■ THE TASK
Repeat the data that follows exactly, starting at the line with "And there you" and ending at the line with "AVX Kyocera has", and leave out every picture.

■ EXTRACTED ENTRIES
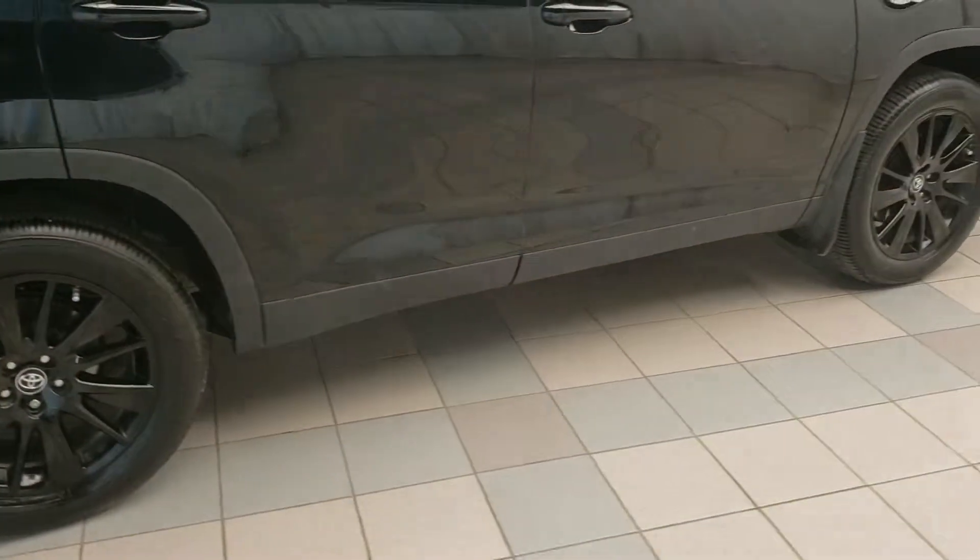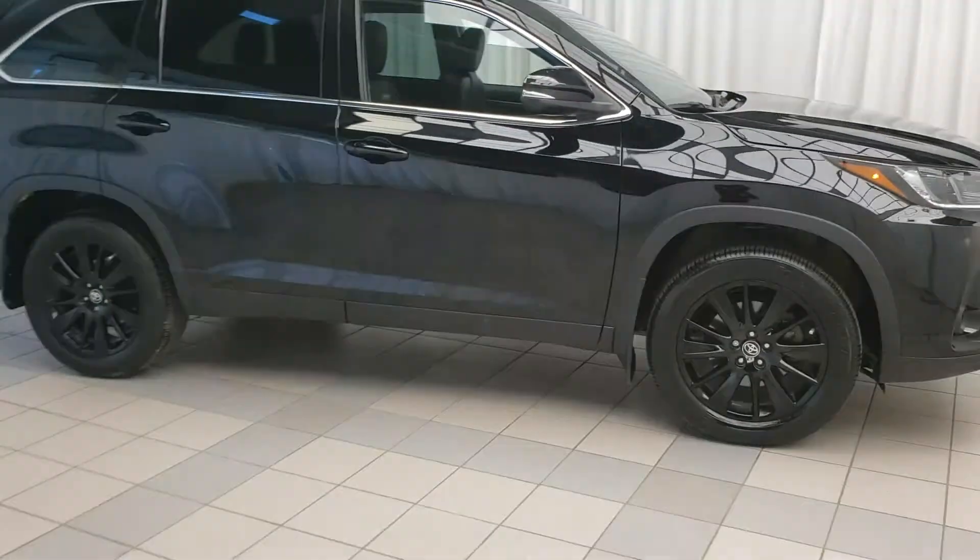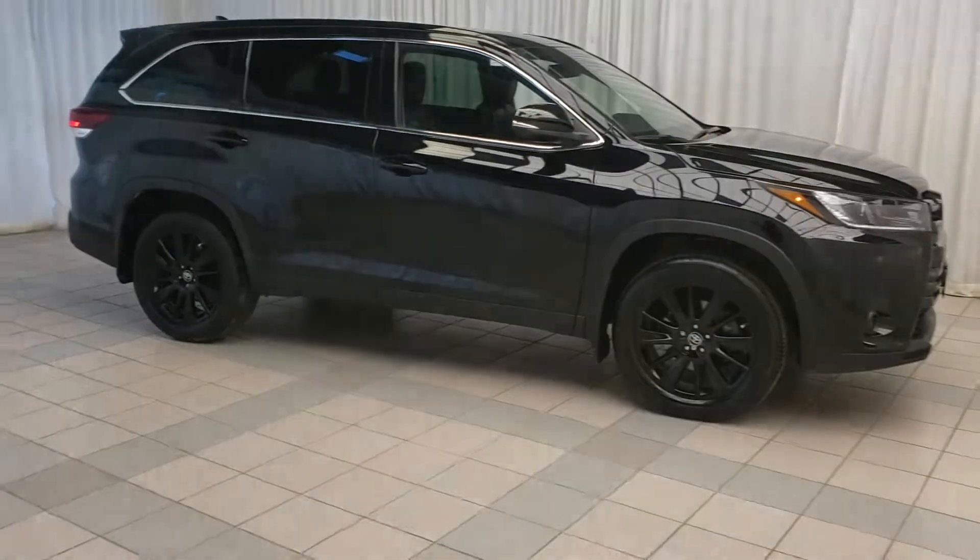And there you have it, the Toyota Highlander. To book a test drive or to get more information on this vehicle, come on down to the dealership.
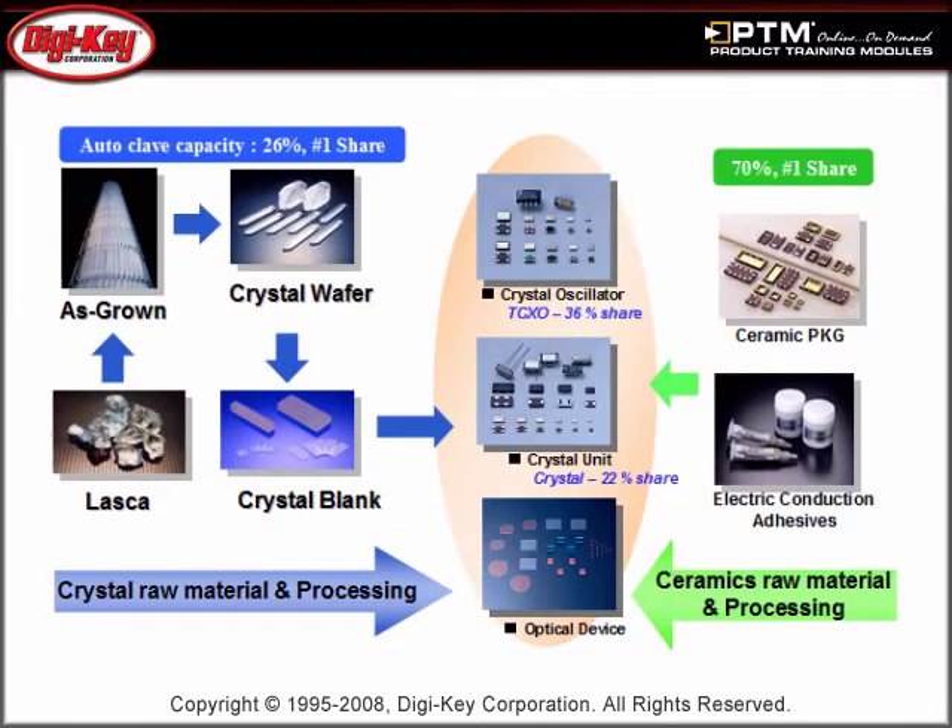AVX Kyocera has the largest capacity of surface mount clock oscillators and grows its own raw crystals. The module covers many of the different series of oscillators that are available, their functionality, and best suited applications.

==

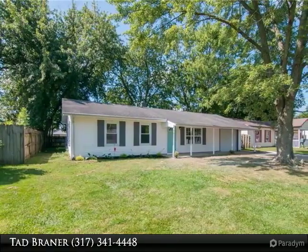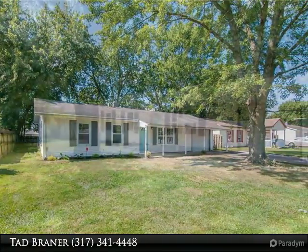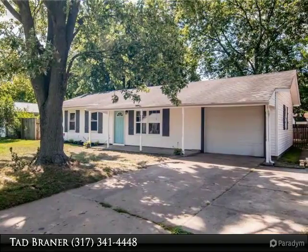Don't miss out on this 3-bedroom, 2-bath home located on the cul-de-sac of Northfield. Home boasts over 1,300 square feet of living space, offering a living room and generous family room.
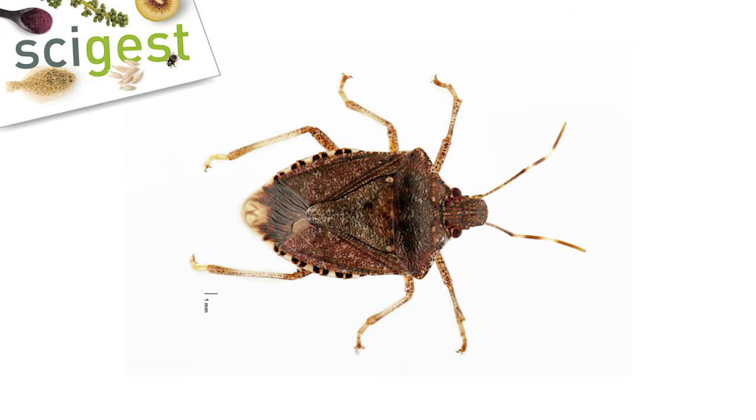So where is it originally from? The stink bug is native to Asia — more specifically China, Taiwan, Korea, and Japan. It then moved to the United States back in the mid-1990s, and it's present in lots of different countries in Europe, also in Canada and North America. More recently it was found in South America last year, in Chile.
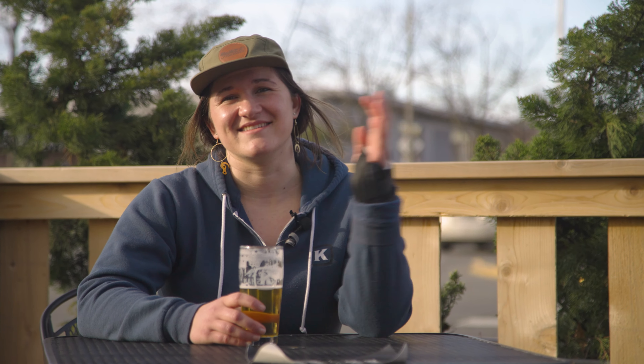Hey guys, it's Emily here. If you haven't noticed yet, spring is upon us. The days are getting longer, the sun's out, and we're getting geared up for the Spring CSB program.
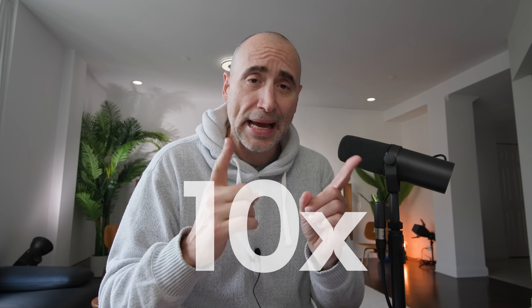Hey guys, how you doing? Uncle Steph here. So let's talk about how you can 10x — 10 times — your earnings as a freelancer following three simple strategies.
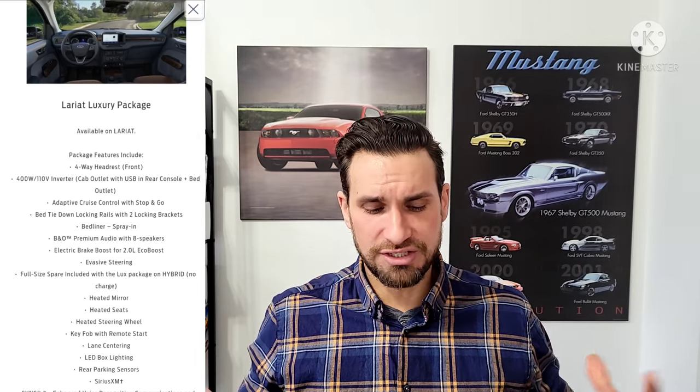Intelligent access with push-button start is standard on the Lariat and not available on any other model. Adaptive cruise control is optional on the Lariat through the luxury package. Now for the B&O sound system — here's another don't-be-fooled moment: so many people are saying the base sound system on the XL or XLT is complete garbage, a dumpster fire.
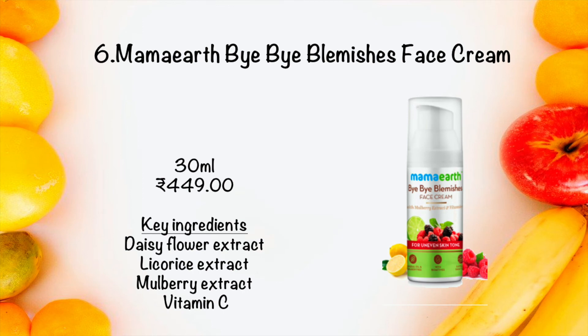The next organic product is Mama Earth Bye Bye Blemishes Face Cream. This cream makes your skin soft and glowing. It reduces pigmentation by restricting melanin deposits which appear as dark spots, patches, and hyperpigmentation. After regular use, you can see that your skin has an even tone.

■ FINAL ANSWER
And there you have it, the Toyota Highlander. To book a test drive or to get more information on this vehicle, come on down to the dealership.
AVX Kyocera has the largest capacity of surface mount clock oscillators and grows its own raw crystals. The module covers many of the different series of oscillators that are available, their functionality, and best suited applications.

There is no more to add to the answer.